34.         What is the effect of provisional possession which was given  to
the appellant’s husband in 1960  on approval of his highest  bid?   Does  it
amount to creation of an encumbrance in the property?   If  the  provisional
possession given to the appellant’s  husband  amounted  to  creation  of  an
encumbrance,  whether the said property could have been acquired  under  the
LA Act although the ownership vested in the central  government?   The  fate
of the appeal significantly will depend upon answer to these questions.  35.
      Concise Oxford English Dictionary  [Tenth  Edition,  Revised]  defines
“encumbrance” – 1.  a burden or impediment.  2.  Law  a  mortgage  or  other
charge on property or assets.
36.         Webster Comprehensive Dictionary [International Edition;  Volume
I] defines “encumbrance” as follows:
           “1. That which encumbers. 2. Law Any lien or liability  attached
           to real property.  3.  One’s  wife,  child  or  dependent.  Also
           spelled incumbrance.

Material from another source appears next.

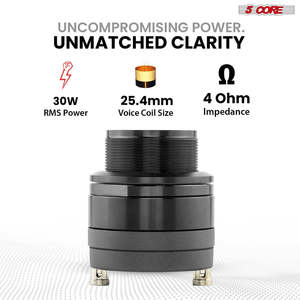 Super Tweeter de 5 Núcleos y 1 Pulgada para Auto, Altavoz de Audio de 60W de Potencia Máxima, 4 Ohmios, Diafragma de Titanio, Imán de Neodimio, Sensibilidad de 95 DB/W/M - Product Image 2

See synonyms under  IMPEDIMENT,  LOAD  [<OF
           encumbrance <encombrer. See ENCUMBER.]”

37.         In P. Ramanatha Aiyar’s The Law Lexicon [Second Edition  Reprint
2000] with reference to a decision  of  the  Patna  High  Court  in  Mahadeo
Prasad  Sahu  v.  Gajadhar  Prasad  Sahu[12],  the  term  “encumbrance”   is
explained as follows :
           “Encumbrance. Burden or property; impediment; mortgage or  other
           claim on property. Grant of lands rent free or the grant of  the
           landlords  zarait  land  to  a  tenant  for  the   purposes   of
           cultivation does amount to an encumbrance of the  estate.  Apart
           from mere dealings such as mortgages which create a charge  upon
           the  land,  there  are  other  dealings  which  amount   to   an
           encumbrance. Anything which  interferes  with  the  unrestricted
           rights of the proprietors as  they  then  existed  would  be  an
           encumbrance upon the land, even  the  granting  of  a  lease  of
           zarait lands, that is to say the lands  which  the  landlord  is
           entitled to hold in direct possession and to cultivate  for  his
           own purposes. A lease of such lands granted to  an  occupier  in
           circumstances which would give him a right of occupancy over the
           land, would amount to an encumbrance.”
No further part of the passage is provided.